A securitária Ana Claudia Armando | Foto: Arquivo Pessoal
Segundo a paciente, o que poderiam ser sinais considerados feios, virou arte e graça. "Foi um período que eu tinha que passar e passei com força, fé e coragem, mas que deixaram marcas incômodas. Elas relembram a parte feia da experiência e foi isso que o Gabriel transformou em beleza", enfatiza.
O artista
O tatuador Gabriel Nanni, 23 anos, foi o escolhido por Ana Claudia para cobrir as marcas do procedimento cirúrgico. Segundo ele, que é um dos responsáveis pelo estúdio Nanni Ink Tattoo & Art, em Campinas (SP), a inspiração para contribuir com as pacientes de câncer de mama veio após o relato de uma pessoa próxima emocionar ele e a sócia, a artista plástica e tatuadora Stella Nanni, 48 anos.
De acordo com Nanni, o testemunho fez com que o trabalho artístico se tornasse apoio para vítimas da mutilação causada pelas cirurgias. De lá para cá, a família Nanni já ilustrou 40 cicatrizes de maneira gratuita. "Como não temos patrocínio, temos que nos dividir entre nosso estúdio, tatuando e cobrando normalmente, mas a atividade de cobrir as cicatrizes que fazemos gratuitamente", pondera o artista.
A tatuagem feita no seio de Ana Claudia | Foto: Nanni Ink / Tattoo Truck Tour
De acordo com Nanni, o trabalho vai além da chance de dar um alento às vítimas de câncer de mama. Para ele, a iniciativa também trouxe uma valorização maior do próprio trabalho. "Sempre nos questionamos se nossa arte ajudaria as pessoas, e neste projeto nos encontramos. A satisfação em poder mudar a vida de alguém que passou pelo câncer, não tem como descrever".

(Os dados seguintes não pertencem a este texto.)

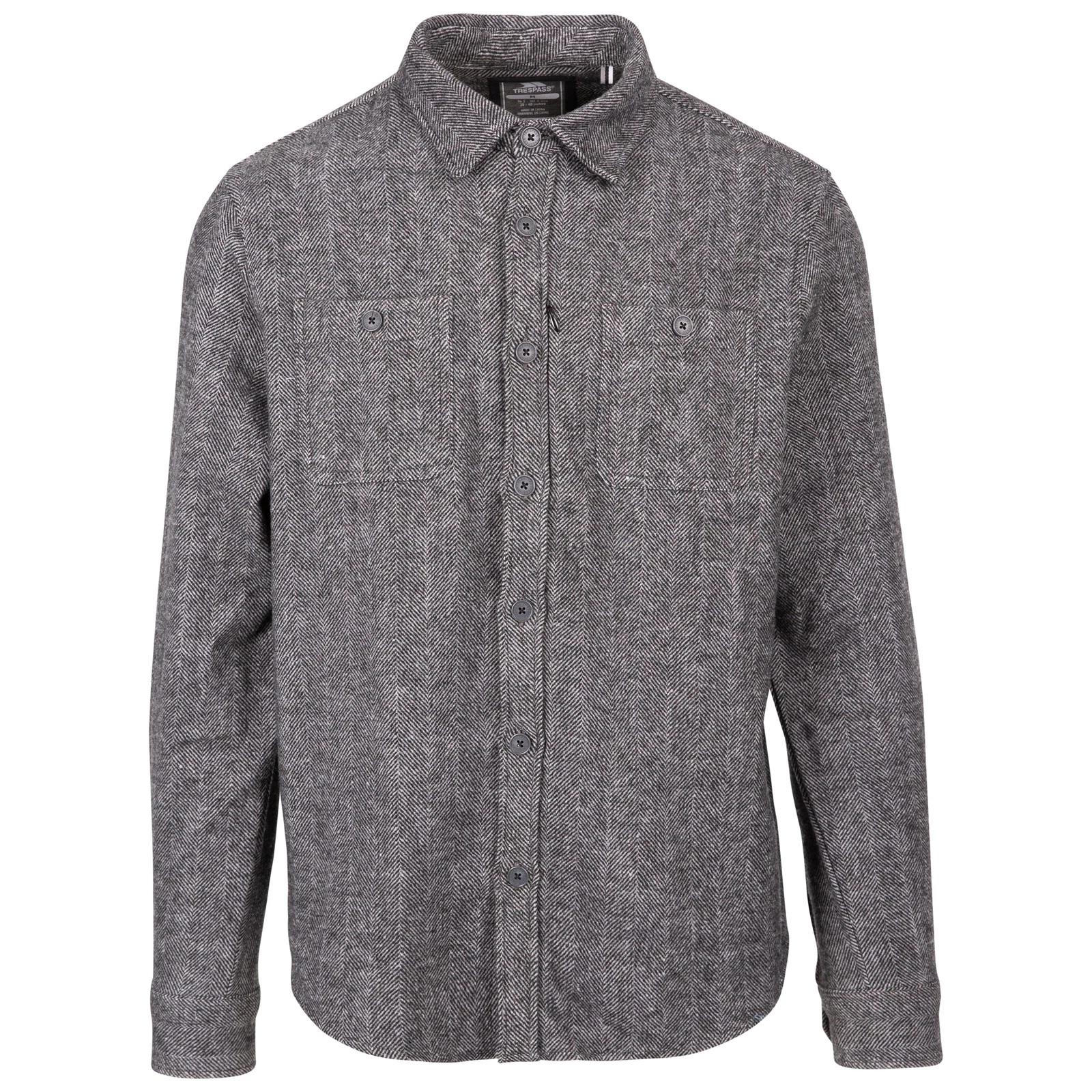 Trespass Mens Shirt Casual Woven Herringbone Potsgrove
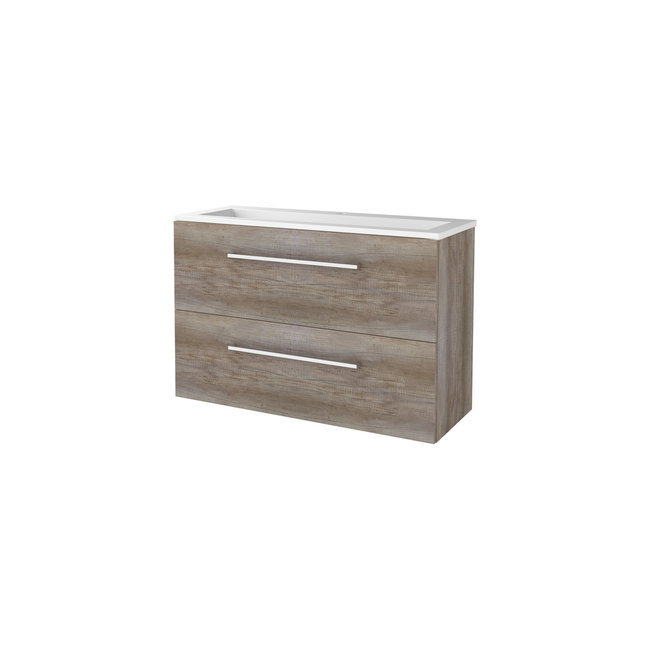 Basic Line Start badmeubel Scotch Oak onderkast en acryl wastafel met 1 kraangat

Ainda segundo o artista, que participou da ação Tattoo Truck Tour, em parceria com a Companhia Paulista de Trens Metropolitanos (CPTM) no Outubro Rosa, o talento empregado nos desenhos é fundamental para ampliar a aplicação da técnica entre as vítimas do câncer de mama. "É importante o maior número possível de mulheres saber que existe essa possibilidade, não só de fazer a reconstituição do mamilo com uma tatuagem 3D, como de fazer outro desenho por cima da cicatriz", conclui o Nanni.